Why wine? Why high-end sandwiches, soups, and baked goods? Why not burgers and beer and their most excellent handmade sausages and an ice cream case for the kids, and, you know, beer? Why does this place make me feel like I'm in an office complex getting ready to have my taxes done? 

It could be argued that Russo is trying to offer a little something different than what's available inside the stadium, namely all of the above (burgers, beer, et. al), including Heartland's very own world-class house-crafted sausages and dogs, but I still don't know if $10 and $12 counter-service sandwiches (without sides) are the ticket. We got a jolt of sticker shock when three sandwiches and one bottle of water rang in at $37.67, plus $4 gratuity bringing things to $41.67. Such numbers are going to be a bitter pill to swallow for a family of three, especially if Mom and Dad want to enjoy a libation, easily bringing things to the $50+ mark. 

A roast beef sandwich was generously proportioned but lacked condiment balance

A roast beef sandwich was generously proportioned but lacked condiment balance

We know that good food costs good money, and we're willing to pay. With Heartland making their meat in-house, we feel good about eating beef and pork, and the bread was top truly top notch. But aside from that confidence, there wasn't much to the sandwiches. Proteins were generous but otherwise bland: The advertised blue cheese mousse and caramelized onions on a roast beef were all but undetectable, and a veggie hoagie was just a sad slice of grilled zucchini, raw onion, and a slice of tomato. There was just nothing to it, and they weren't even enlivened by a side of dressed greens or kettle chips. With St. Paul Meat Shop new in town crafting swoon-worthy sandwiches, as well as the upcoming Lowry Hill Meats with a similar in-house butchery program, Heartland will have to do better to compete if they expect these to be destination-worthy. 

And if it's a convenience for ballpark proximity he's shooting for, perhaps if he moved his burger bar menu (which he's currently serving in the Heartland restaurant bar) into the wine bar area and eliminated the sandwiches altogether, fans would cheer.
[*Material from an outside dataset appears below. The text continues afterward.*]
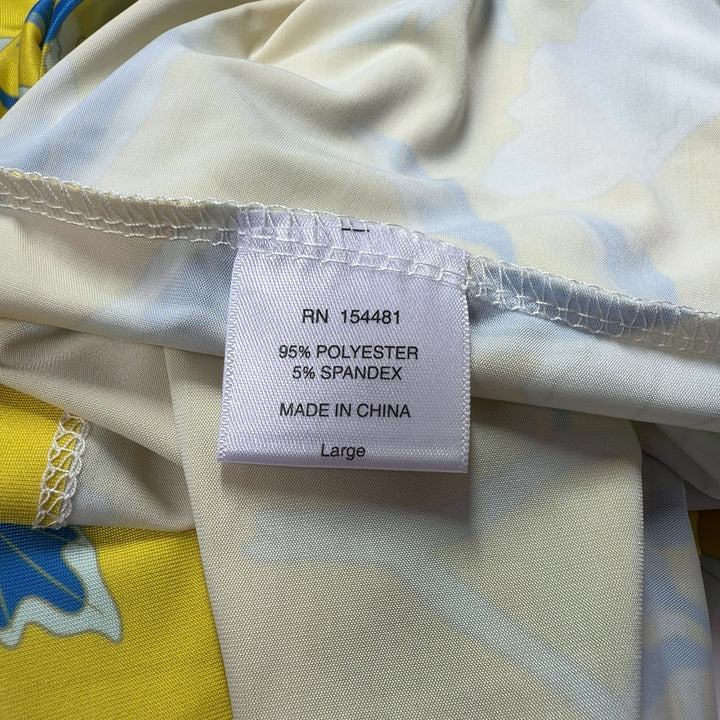 Tag view of yellow floral print shift dress showing the full botanical pattern and relaxed shift silhouette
That menu: five different burgers, beef fat fries, a corn dog, pork ribs, ice creams. These are the things we what we want to be eating on game day, and every day. I like wine as much as the next guy (more — I like it more), but I just don't see a pack of dads with their kids sidling up for a nice glass of San Giovese before, or even after the game.

Instead: Surly, and lots of it, to go alongside salty parchment-paper cones of cheese curds and sweet cones of ice cream for the kiddos. 

The high-end deli was smart and elegant while it lasted, but it's a new day in Lowertown and we hope to see Heartland, Russo, and his generally great ideas evolve along with it.